Welcome to this blog, the story of a great big Australian adventure. It documents my travels, life in Australia, and a subject close to my heart – environmental conservation. 

Wave-watching in paradise

Wave-watching in paradise

Last week I returned to Byron again. 

We were lucky. We managed to get a cancellation so we could stay overnight Saturday. Normally, you have to book weeks in advance to get a room or apartment of choice. One thing that seems incompatible with Byron's image and raison d'être is the fact that rarely can you visit spontaneously, deciding on a Thursday that you fancy the weekend in your favourite place, and be able to find somewhere to stay.

We decided to drive 'over the top' into New South Wales, via the delightful Numinbah Valley and the Springbrook escarpment. Leave the Pacific Highway at Nerang and take the Nerang-Murwillumbah Road. We turned off left soon after to look at the Hinze Dam. (There was no sign of a dam but there was a tree-lined lake!) Leaving Murwillumbah, follow the Tweed Valley Way to rejoin the Highway for the last 20-odd kilometres to Byron. 

It's a longer, fiddlier way, but prettier, and there was hardly a thing on the road. There must have been a bikie convention somewhere though because there was a disproportionate number of unmuffled bikers in convoy on our route. Maybe they just enjoy the twisty-turny climbs and descents. It was a beautiful morning but there was a lot of evidence of the recent heavy rains and flooding (above). We stopped for a coffee just before Natural Bridge and were told there'd been so much rain ducks had drowned. The greens were glorious.

As we headed down the Tweed Valley there were a few sprinkles from unwelcome clouds, but they backed off as we drove along Ewingsdale Road from the Pacific Highway to the sea. Haven't I always told you that the sun smiles on those who arrive in Byron Bay?
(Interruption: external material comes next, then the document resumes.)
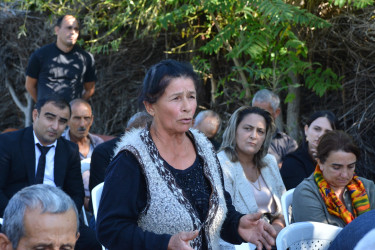 Göyçay rayonunun Şıxəmir kəndində sakinlərlə növbəti səyyar qəbul keçirilib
One reason we were here was that my friend wanted to go to the beach. So off to Broken Head we went. He wrestled with waves: I photographed them.

Have I told you how lovely the Bay is at sundown?

The next day was the first Sunday in the month, so Byron Markets day. It has to be one of the most colourful markets I've ever seen. There's good music and like-minded souls. We chatted to a man on the Sea Shepherd stall for quite a bit, although he was preaching to the converted. And we listened to a musician on a cigar-box guitar and four other instruments at the same time. It was very hot in the sun and we drank lots of juice while buying a hat, two chairs, many candles and some bunting.

And then it was off to the beach again. I had wanted to go to Wategos but it was rammed and there was nowhere to park. So we went to Tallows, where there was virtually no one. Despite big surf and a strong current, I ventured into the waves – an indication of how relaxed I was – as well as watching them, again.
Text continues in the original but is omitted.